Monday, 23 May 2011

Dendam Terhadap Yahudi



Ini tulisan dari orang yang hanya memperhatikan berita insiden internasional penyerangan misi kemanusian kapal Mavi Marmara oleh Israel. Tetapi tidak mengerti bagaimana diplomasi internasional itu bagaimana. Tulisan orang yang pernah baca-baca tafsir quran, hadits serta menghapal keduanya. Tetapi karena kelalaian, rekaman di kepala dua teks suci itu banyak yang lompat keluar kepala.

Jadi jangan tanya detail posisi ayat dalam alquran yang dinukilkan, sanad (riwayat) dan matan (teks) haditsnya atau detail artikel yang dibaca. Saya hanya mengandalkan kepercayaan saja kalau yang saya nukilkan memang benar-benar alquran, hadits dan artikel yang saya baca. Kalau saudara tidak percaya, tinggalkan saja. No problem

Premis utamanya; saya muslim. Makna Islam adalah berserah atau keselamatan. Berserah adalah pengakuan adanya yang maha tinggi tempat dimana kita menyerahkan semua yang kita lakukan. Keselamatan bermakna bahwa bila memahami dan menjalani agama ini secara benar dan konsisten, maka keselamatan adalah milik kita baik di dunia maupun hari nanti.

Premis lanjutannya adalah tujuan Allah, yang dinyatakan dalam Al Quran, bahwa penciptaan manusia bersuku-suku dan berbangsa-bangsa adalah supaya manusia itu saling mengenal. Supaya terjadi proses interaksi, berbagi, share informasi sehingga menghasilkan kerjasama dan formula baru dalam menghadapi persoalan hidup. Tidak ada keunggulan total sebuah kelompok masyarakat dibanding kelompok masyarakat lain.

Sebuah masyarakat boleh jadi unggul pada satu sisi, tetapi pasti selalu memiliki kelemahan pada sisi lain. Sehingga bila proses taaruf yang diisyaratkan Alquran terjadi, yang terjadi adalah bersatunya kelompok masyarakat yang saling menutupi kelemahan dan menyatukan kelebihan sehingga kualitasnya meningkat.

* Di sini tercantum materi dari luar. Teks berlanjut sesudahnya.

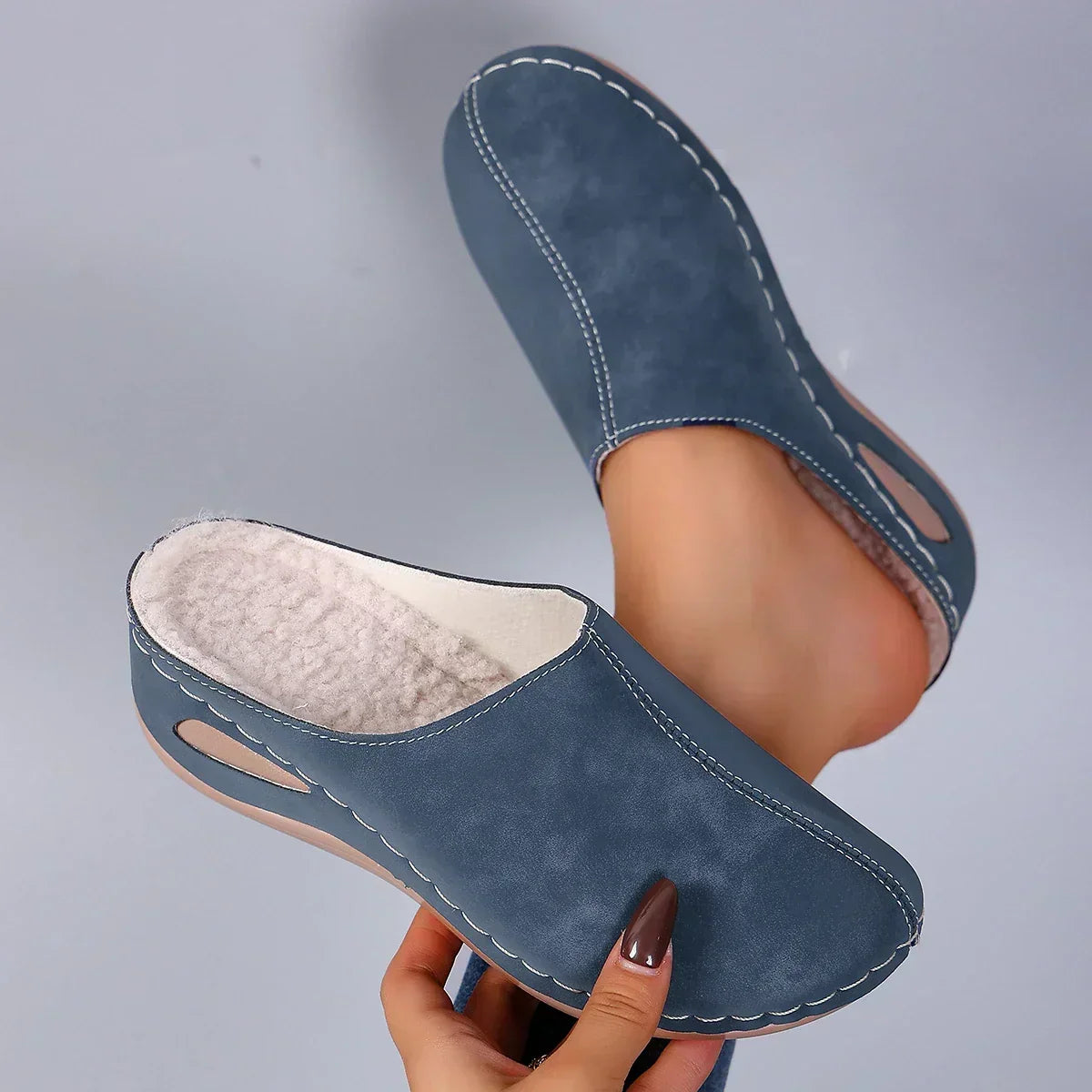 Women's Orthopedic Slippers Fleece-Lined Non-Slip Sole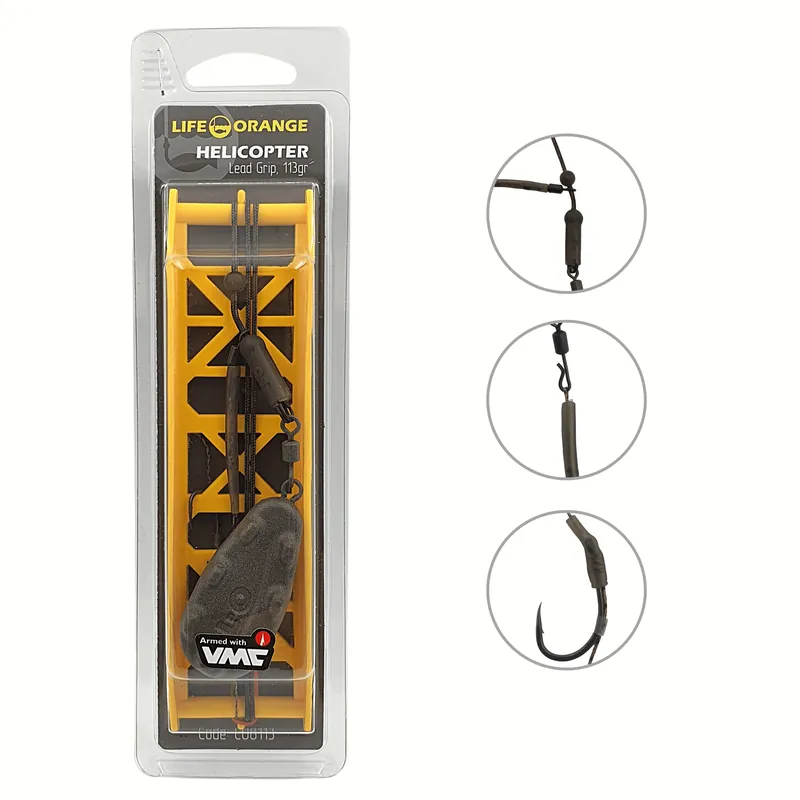 Life Orange Helicopter Grip Karperonderlijn 85g Meest Verkocht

Fenomenanya adalah kekejaman Israel di Palestina. Apa yang terjadi di Palestina sudah menjadi kesadaran publik. Bila masa Orde Baru hanya sebagian kelompok masyarakat saja yang mengetahui dan peduli terhadap konflik Palestina-Israel, perkembangan massif media massa telah menjadikan isyu ini berkembang sedemikian massif menyentuh banyak kalangan. Sehingga simpati dan partisipas publik terhadap penderitaan masyarakat Palestina sudah tidak menjadi monopoli sebagian kelompok atau sub kelompok masyarakat.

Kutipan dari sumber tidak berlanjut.